# Frogs & Toads > Pacman Frogs >  Croaking and Angry Pacman Frogs

## John Clare

These are some very surprising videos from youtube.

Croaking horned frog (_Ceratophrys ornata_):
YouTube - Ornate Pacman Frog croaking!

Very angry Ornate horned frog (_Ceratophrys ornata_):
YouTube - Angry Frog

Another angry horned frog (Same frog that is croaking in the first video):
YouTube - Ornate Pacman Frog getting defensive!

Another growler (probably _Ceratophrys ornata_):
YouTube - ONE PISSED OFF PACMAN!!!!

----------


## John Clare

Here's a growling Budgett's frog:
YouTube - Deadly Mexican Staring Frog of Southern Sri Lanka

And a growling Fantasy Frog (_Ceratophrys cranwelli_ hybrid with _C. cornuta_)
YouTube - Pissed off Fantasy Frog in HD. Volume up.

(Note to anyone watching this - don't use small gravel like that with your frogs because they can swallow it accidentally and it can cause a blockage in their gut, known as an impaction, which can kill your frog)

----------


## Kurt

Real cool video, I do like seeing the defensive response of the pac-man. It blows up like a toad, but then adds hissing and biting to the mix.

Budget's don't even look real.
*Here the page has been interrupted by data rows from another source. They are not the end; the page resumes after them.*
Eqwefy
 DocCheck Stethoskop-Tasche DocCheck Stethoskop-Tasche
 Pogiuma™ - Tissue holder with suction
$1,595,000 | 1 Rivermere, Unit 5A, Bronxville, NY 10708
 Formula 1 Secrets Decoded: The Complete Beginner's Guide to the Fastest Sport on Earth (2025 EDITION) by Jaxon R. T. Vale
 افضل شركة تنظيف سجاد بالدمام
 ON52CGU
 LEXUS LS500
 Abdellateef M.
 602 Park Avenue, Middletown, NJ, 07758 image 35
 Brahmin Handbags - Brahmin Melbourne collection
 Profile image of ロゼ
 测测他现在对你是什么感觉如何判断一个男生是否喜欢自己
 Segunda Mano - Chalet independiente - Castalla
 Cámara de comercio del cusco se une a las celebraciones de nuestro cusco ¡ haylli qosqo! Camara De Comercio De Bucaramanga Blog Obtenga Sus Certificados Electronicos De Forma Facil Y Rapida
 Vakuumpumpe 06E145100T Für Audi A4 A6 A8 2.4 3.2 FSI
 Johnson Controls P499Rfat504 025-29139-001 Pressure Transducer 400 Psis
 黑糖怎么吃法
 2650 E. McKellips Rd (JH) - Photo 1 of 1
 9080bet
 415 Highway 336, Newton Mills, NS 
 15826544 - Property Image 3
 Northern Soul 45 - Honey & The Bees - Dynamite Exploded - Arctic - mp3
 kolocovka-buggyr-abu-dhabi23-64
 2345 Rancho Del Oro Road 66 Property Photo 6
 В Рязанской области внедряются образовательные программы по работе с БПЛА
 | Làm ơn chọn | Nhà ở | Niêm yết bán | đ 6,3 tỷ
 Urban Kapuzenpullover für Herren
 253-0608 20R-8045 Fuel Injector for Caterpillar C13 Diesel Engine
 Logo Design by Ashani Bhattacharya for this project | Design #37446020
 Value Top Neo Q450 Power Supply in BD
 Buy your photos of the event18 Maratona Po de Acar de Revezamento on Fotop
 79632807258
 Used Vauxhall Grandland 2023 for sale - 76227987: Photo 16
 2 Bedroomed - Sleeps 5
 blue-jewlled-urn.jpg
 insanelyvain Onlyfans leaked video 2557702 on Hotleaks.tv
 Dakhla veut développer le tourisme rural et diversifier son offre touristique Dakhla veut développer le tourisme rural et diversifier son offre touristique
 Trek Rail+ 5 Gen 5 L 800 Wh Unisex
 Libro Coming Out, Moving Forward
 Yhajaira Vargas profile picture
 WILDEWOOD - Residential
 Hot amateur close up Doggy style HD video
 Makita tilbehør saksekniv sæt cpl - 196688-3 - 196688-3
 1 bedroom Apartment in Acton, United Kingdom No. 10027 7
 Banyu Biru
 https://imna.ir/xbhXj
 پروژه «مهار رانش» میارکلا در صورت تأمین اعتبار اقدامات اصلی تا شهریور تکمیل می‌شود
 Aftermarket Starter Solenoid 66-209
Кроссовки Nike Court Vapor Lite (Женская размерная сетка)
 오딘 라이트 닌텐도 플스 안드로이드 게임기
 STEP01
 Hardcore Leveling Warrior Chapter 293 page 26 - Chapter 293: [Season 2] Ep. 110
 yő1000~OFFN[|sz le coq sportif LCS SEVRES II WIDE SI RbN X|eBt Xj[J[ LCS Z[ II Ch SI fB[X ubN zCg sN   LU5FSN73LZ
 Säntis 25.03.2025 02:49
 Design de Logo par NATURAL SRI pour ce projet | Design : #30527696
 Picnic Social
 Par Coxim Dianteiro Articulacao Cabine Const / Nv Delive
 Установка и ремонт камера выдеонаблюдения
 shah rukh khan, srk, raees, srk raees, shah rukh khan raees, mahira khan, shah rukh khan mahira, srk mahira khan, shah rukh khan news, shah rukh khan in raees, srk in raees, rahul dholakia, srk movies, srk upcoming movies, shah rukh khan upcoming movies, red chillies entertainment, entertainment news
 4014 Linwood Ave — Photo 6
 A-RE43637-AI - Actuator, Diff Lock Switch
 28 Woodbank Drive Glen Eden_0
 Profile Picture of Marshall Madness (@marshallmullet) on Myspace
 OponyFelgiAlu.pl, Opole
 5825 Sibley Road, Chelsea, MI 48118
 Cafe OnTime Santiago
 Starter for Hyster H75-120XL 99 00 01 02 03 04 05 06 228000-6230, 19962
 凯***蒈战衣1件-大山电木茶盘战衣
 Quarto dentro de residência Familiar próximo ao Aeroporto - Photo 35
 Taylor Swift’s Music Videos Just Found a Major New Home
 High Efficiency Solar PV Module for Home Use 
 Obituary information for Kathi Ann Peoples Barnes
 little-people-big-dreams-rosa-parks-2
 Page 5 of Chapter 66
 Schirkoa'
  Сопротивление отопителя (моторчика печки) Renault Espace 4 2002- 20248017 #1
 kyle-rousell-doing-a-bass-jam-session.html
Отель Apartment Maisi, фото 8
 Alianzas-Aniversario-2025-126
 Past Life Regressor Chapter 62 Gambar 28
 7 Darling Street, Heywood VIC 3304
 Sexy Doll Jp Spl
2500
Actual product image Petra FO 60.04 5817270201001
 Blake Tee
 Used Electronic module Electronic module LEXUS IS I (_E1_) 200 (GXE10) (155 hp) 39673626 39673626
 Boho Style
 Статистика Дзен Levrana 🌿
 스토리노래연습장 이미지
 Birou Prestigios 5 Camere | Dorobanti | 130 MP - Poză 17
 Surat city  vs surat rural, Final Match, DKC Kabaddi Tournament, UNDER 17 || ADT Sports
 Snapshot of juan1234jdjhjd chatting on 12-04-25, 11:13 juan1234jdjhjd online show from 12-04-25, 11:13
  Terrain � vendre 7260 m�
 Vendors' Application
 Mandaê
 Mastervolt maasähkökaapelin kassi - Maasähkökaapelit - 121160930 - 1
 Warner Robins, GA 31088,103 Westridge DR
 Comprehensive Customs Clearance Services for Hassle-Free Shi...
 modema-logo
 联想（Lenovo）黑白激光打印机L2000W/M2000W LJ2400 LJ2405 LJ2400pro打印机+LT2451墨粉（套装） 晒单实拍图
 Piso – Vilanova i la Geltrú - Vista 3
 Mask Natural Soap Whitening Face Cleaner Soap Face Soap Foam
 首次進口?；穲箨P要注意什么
They look like a cartoon.

----------


## John Clare

The second Pacman video is fantastic - in between screams he's actually growling.

----------


## Kurt

It didn't work when I clicked on it, The rest worked fine.

----------


## into

Is this normal pac-man behaviour or just when taunted?

----------


## John Clare

Chris - I've actually never seen them do this but I've never kept ornata either.  Kurt - click the second video and it says "blabla disabled by request.  Watch on youtube" - click the watch on youtube part.

----------


## Kurt

OK I will do that.

----------


## Kurt

Very cool, but it doesn't seem too wise to keep all those pac-mans in the same cage.

----------


## John Clare

Somewhere on that page or in the audio she says that's not their normal container.

----------


## Ebony

May be I'm being silly, but I kinda felt sorry for the Frogs.  :Confused:

----------


## JeffX

I've never seen one do that.

----------


## Kevin1

In the second video you can see one of the ornates actually bites the other's foot and causes it to scream.

----------


## John Clare

Well I got my two Ornates going today - I had the water sprayer on "stream" instead of "mist" and the little guy started growling and barking just like the second video.  The larger one opened its mouth but made very little noise.  I wonder if one sex has a higher propensity for growling and barking?

----------


## Kevin1

If there was, I would guess it would be the females. :Smile:

----------


## John Clare

> If there was, I would guess it would be the females.


*Chuckle*

----------


## TypingMonkey

I don't you should taunt your pacman just to see how it reacts.  First you don't know how stressful it can be for them and also it doesn't do a good owner-frog relationship.

----------


## Tom

Monkey I don't think that John was purposely antagonizing them.

----------


## TypingMonkey

Wasn't saying he was but that's what I think of the videos.

----------


## John Clare

Yeah the videos definitely wear.  It was an accidental discovery for me with the little fellow - he wasn't even in the direct path of the stream, I think he was more surprised that large droplets hit him.  The bigger one I did aim at but got little reaction from it.

----------


## Minhocao

These are my videos 
From C.aurita




> YouTube - Brazilian horned frog ..





> YouTube - Ceratoprhys aurita

----------


## John Clare

Thank you for sharing the wonderful videos  :Smile: .

----------


## Minhocao

this is the sound of two cranwellis and one aurita  singing, has no image because they burn at night. Thank John...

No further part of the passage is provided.